• [What is required]: Below are some records. Retype exactly the lines from the one containing "Insurance Underwriter Established" through the one containing "Постер альбома Genius", both included, skipping every picture.

• [Material supplied]:
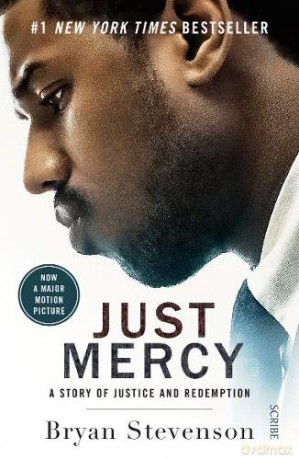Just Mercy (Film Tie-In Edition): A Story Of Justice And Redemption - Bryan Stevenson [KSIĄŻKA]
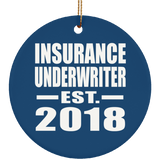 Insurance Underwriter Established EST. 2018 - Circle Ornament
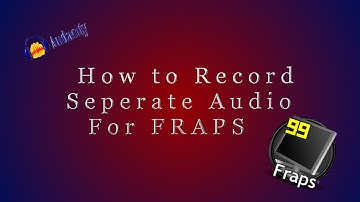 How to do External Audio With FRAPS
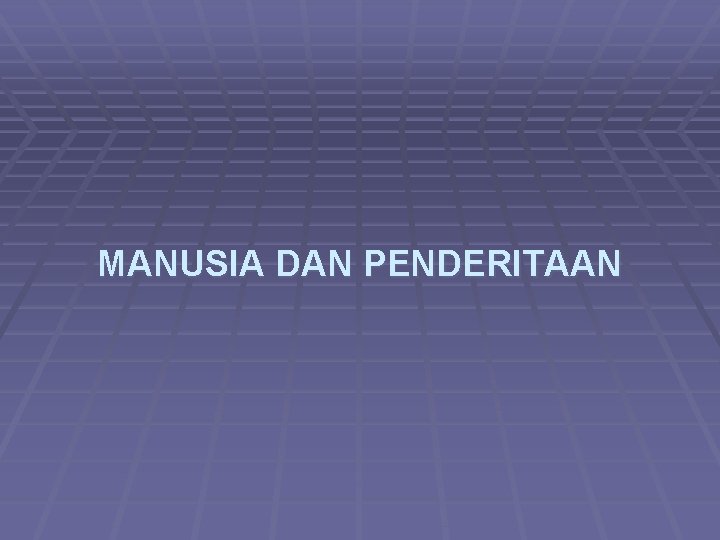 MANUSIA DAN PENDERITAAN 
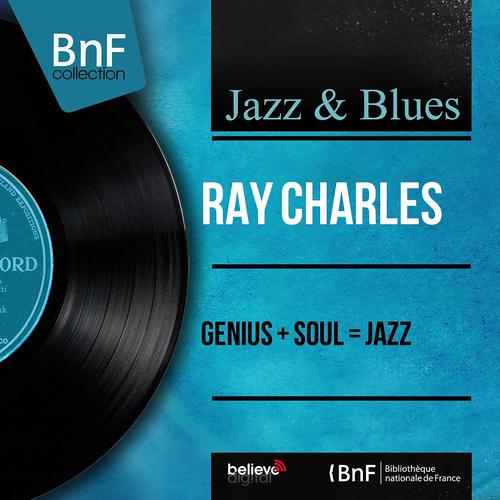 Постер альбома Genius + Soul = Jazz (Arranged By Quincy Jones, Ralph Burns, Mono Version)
---
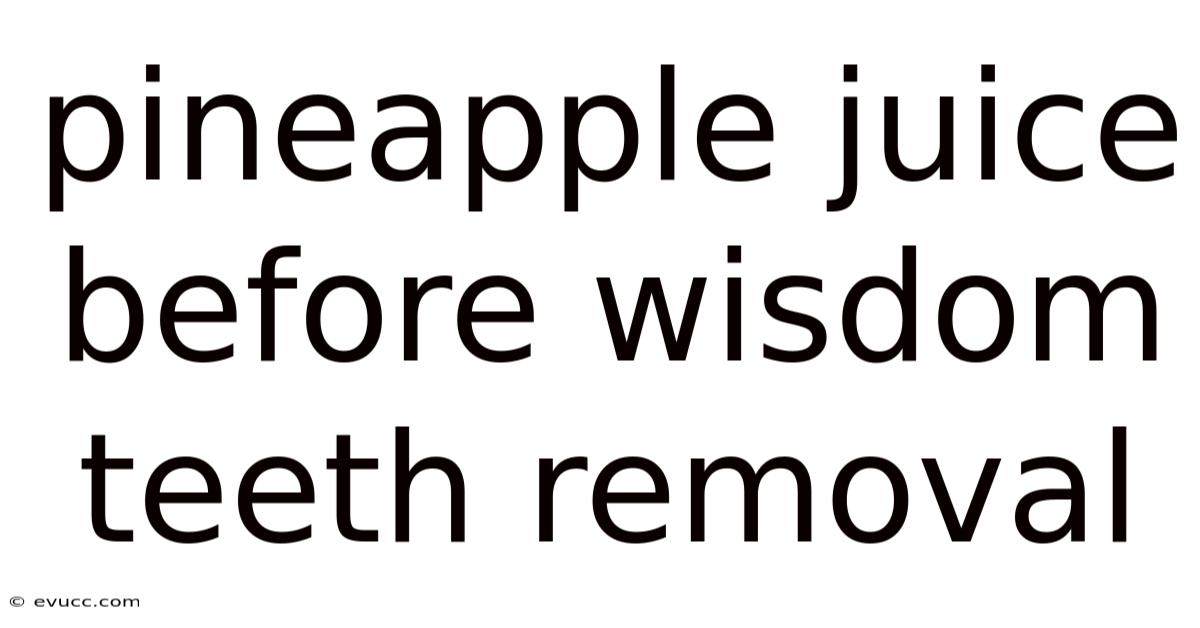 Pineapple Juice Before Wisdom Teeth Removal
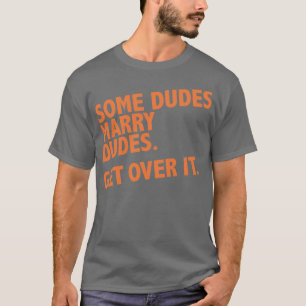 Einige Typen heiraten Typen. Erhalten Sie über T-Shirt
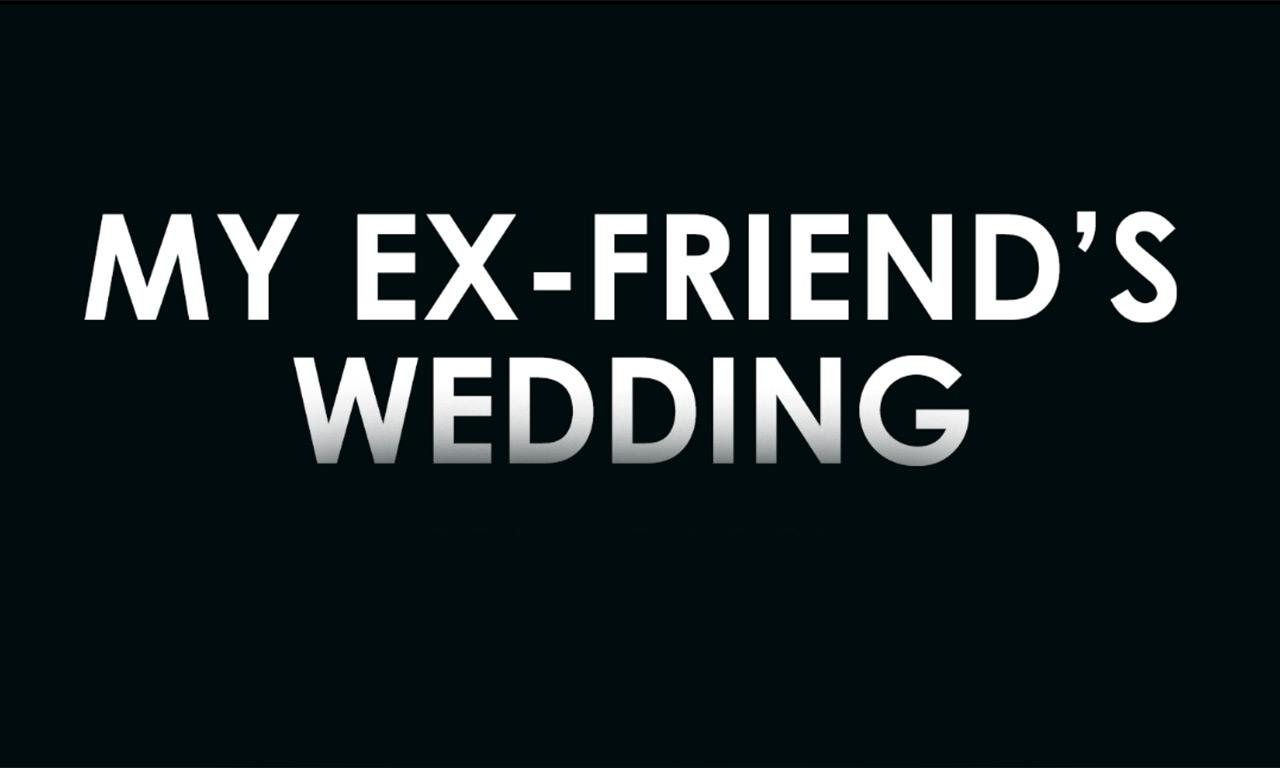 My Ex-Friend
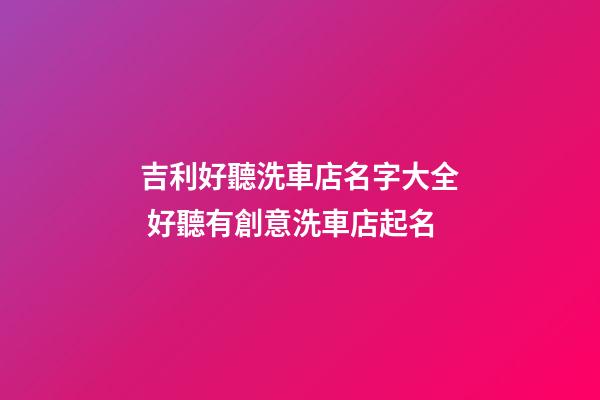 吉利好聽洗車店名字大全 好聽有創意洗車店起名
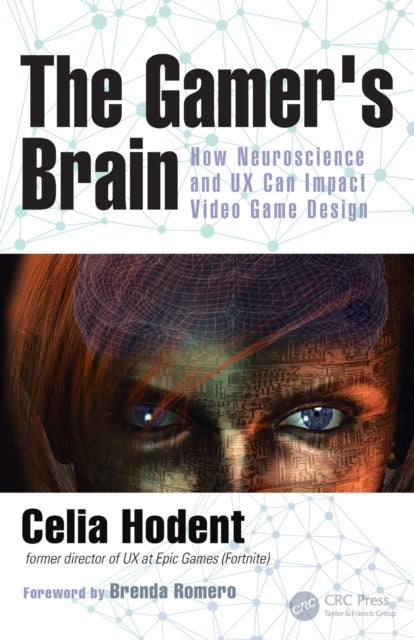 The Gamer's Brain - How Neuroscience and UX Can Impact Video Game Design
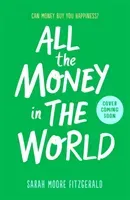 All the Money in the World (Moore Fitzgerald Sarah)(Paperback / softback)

• [Task response]:
 Insurance Underwriter Established EST. 2018 - Circle Ornament
 How to do External Audio With FRAPS
 MANUSIA DAN PENDERITAAN 
 Постер альбома Genius + Soul = Jazz (Arranged By Quincy Jones, Ralph Burns, Mono Version)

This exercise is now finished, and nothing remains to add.